All futuristic and stuff

Really kind of cool

That will bring an end to my first yarn about how I got to Munich and spent the first four days running around doing all sorts of cool things in an effort to justify my presence there.

Give me a day or so to catch my breath after all this heavy typing and I'll spin you another one about how we made a pilgrimage to Leipzig for Christmas weekend to pay our tribute to Bach and hear all sorts of his music. Read fast.

1 comment:

  1. "One of the primary draws for me to come to Germany for Christmas (besides the presence of my beautiful girlfriend) was simply how the Germans do Christmas."

    That's what I loved about Cologne when I went there. I saw that the things I love best about Christmas came straight out of Germany. I didn't see anything remotely tacky while I was there and not much in the way of overt commercialisation either. Fair enough, there's money in those Christmas markets, any fool can see that, but I'm perfectly happy to spend my money on something that I'll treasure for the rest of my life.

    One of the Christmas markets is on a river boat and that one largely deals with antiques and second-hand Christmas decorations.
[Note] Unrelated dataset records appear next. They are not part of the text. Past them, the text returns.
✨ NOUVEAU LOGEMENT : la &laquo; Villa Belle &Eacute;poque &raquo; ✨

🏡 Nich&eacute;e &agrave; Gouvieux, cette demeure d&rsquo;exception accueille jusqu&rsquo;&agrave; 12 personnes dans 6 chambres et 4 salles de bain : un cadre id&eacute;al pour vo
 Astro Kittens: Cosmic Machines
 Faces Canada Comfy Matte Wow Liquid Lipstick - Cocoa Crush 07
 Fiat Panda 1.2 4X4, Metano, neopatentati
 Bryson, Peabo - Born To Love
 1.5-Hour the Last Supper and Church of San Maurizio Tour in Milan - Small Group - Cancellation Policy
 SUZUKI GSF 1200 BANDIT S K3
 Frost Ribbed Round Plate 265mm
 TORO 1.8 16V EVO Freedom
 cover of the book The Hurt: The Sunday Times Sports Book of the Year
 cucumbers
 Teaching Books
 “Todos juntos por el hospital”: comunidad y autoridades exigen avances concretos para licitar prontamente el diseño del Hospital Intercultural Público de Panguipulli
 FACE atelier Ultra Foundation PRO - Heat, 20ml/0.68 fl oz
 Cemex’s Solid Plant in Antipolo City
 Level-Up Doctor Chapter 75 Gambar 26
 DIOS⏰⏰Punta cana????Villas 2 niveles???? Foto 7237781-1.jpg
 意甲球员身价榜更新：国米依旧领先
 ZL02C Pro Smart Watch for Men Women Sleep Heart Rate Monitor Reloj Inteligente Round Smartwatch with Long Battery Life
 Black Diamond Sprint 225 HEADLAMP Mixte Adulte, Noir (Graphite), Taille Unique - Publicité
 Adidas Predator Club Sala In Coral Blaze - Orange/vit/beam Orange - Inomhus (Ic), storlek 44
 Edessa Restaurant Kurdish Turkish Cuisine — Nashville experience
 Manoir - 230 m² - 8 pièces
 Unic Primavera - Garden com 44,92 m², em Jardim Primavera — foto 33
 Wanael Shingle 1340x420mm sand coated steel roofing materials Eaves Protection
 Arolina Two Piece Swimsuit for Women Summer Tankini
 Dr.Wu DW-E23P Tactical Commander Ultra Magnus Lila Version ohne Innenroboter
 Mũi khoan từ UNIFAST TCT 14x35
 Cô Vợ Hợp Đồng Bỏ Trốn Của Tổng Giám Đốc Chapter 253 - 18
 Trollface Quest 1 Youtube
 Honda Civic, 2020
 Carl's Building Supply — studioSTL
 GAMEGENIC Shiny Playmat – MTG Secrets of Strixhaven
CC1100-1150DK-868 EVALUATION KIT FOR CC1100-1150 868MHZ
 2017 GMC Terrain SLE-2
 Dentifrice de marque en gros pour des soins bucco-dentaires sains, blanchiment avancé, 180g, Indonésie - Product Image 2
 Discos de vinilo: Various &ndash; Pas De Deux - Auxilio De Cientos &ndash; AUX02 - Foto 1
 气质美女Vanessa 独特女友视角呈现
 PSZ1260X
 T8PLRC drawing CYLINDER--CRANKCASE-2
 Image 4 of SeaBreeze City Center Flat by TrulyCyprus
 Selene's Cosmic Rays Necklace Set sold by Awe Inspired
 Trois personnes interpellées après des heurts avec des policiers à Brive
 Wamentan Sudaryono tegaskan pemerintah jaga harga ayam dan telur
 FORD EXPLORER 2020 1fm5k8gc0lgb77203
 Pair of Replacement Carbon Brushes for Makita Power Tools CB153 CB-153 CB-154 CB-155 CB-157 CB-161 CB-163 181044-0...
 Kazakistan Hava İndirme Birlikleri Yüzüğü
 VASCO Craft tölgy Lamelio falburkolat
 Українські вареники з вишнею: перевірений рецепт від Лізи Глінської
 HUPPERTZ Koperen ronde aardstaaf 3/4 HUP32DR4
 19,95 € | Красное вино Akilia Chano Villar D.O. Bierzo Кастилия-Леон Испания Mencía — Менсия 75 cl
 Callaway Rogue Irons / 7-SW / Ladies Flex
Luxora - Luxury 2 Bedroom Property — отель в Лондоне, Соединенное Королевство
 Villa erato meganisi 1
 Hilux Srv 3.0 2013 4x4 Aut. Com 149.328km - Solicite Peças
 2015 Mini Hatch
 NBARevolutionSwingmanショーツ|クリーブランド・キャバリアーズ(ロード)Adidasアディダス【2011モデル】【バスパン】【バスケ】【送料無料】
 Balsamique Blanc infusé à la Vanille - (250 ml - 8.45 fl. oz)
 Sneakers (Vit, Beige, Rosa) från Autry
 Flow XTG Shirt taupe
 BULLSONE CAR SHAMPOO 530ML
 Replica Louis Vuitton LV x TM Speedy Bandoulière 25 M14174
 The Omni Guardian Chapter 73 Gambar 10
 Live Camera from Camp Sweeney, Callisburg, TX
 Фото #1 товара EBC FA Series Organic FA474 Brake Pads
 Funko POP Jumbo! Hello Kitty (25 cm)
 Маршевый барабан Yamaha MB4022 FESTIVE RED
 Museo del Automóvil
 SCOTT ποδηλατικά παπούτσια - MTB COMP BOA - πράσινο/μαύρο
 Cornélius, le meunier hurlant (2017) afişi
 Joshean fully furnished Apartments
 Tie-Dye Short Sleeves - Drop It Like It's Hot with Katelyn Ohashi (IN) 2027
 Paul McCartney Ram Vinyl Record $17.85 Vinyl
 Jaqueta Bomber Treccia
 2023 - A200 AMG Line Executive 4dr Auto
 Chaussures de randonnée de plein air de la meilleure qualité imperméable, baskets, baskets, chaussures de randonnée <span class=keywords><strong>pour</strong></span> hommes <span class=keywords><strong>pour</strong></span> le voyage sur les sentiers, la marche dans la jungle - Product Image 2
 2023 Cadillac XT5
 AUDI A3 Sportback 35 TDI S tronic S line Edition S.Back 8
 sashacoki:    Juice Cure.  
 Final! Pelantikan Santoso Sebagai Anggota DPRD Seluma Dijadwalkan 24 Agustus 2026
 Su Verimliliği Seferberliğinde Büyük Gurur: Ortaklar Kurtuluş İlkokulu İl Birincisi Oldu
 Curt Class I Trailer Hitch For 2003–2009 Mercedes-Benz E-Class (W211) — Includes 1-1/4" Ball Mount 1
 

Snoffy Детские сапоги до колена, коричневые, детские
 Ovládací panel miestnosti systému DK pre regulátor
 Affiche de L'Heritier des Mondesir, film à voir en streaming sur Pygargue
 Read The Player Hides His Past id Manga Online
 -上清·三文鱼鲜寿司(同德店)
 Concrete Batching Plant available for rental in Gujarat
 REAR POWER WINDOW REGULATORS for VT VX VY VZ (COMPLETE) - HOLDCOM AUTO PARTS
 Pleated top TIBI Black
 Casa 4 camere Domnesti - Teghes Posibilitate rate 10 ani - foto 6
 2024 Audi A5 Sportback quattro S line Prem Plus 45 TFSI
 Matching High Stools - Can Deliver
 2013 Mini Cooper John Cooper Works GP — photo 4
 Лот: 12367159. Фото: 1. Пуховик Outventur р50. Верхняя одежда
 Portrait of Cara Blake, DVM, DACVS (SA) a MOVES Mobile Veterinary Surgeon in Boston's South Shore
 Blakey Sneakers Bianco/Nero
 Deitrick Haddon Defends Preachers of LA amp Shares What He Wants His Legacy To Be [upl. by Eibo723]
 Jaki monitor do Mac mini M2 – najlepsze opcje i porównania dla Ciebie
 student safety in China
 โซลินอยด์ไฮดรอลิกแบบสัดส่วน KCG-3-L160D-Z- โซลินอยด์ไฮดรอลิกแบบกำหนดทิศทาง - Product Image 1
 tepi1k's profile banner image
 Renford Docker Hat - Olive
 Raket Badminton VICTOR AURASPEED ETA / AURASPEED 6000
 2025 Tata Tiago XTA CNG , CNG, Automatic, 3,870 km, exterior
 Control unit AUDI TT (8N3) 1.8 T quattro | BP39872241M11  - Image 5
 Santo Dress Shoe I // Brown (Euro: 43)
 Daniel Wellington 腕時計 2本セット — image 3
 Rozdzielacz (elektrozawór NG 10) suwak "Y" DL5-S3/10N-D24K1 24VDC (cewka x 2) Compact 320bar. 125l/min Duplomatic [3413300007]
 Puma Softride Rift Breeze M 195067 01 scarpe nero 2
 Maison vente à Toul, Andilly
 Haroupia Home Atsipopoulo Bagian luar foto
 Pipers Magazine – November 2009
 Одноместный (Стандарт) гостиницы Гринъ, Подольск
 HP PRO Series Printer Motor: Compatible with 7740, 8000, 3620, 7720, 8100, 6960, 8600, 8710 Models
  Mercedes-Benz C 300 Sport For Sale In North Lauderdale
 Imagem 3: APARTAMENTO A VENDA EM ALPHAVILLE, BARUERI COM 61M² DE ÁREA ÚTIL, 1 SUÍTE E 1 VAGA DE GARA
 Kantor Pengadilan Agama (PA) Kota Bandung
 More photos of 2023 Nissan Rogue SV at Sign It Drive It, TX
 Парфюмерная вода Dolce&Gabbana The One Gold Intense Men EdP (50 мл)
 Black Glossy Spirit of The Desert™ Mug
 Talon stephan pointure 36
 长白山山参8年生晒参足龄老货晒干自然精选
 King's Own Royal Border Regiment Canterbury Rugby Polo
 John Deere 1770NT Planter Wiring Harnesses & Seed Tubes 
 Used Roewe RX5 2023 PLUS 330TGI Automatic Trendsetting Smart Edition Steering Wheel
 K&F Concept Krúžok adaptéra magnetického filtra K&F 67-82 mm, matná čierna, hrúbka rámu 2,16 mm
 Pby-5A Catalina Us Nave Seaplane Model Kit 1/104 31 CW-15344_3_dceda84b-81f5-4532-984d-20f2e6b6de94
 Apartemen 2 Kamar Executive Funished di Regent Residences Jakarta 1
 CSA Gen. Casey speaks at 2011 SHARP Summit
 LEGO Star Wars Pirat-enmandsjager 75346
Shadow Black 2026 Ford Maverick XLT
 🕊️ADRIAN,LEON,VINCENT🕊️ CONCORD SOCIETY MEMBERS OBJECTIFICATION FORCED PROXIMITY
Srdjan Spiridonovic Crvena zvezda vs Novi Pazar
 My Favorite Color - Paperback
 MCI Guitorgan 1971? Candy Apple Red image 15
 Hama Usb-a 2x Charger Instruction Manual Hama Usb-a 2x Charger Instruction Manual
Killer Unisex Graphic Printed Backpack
Me, I'm not that fussed about either of those things, but I found a set of wooden decorations that I would have walked over hot coals for. My Mum has an identical set and I've always loved them but thought I'd never find a set like it, as they're so old. And here was the exact same set, just waiting for me! Second-hand of course and one of the angels had a broken wing but it didn't matter. I'd have paid double, triple what I did.

    Memories like that are easily made in Germany at Christmas. :)

    I think the Berlin Christmas markets are probably next on the list. I've heard wonderful things about them, but I think Cologne's always going to be number one in my heart because of that set of decorations. But I don't doubt that Berlin will leave me with things that I'll always want to remember.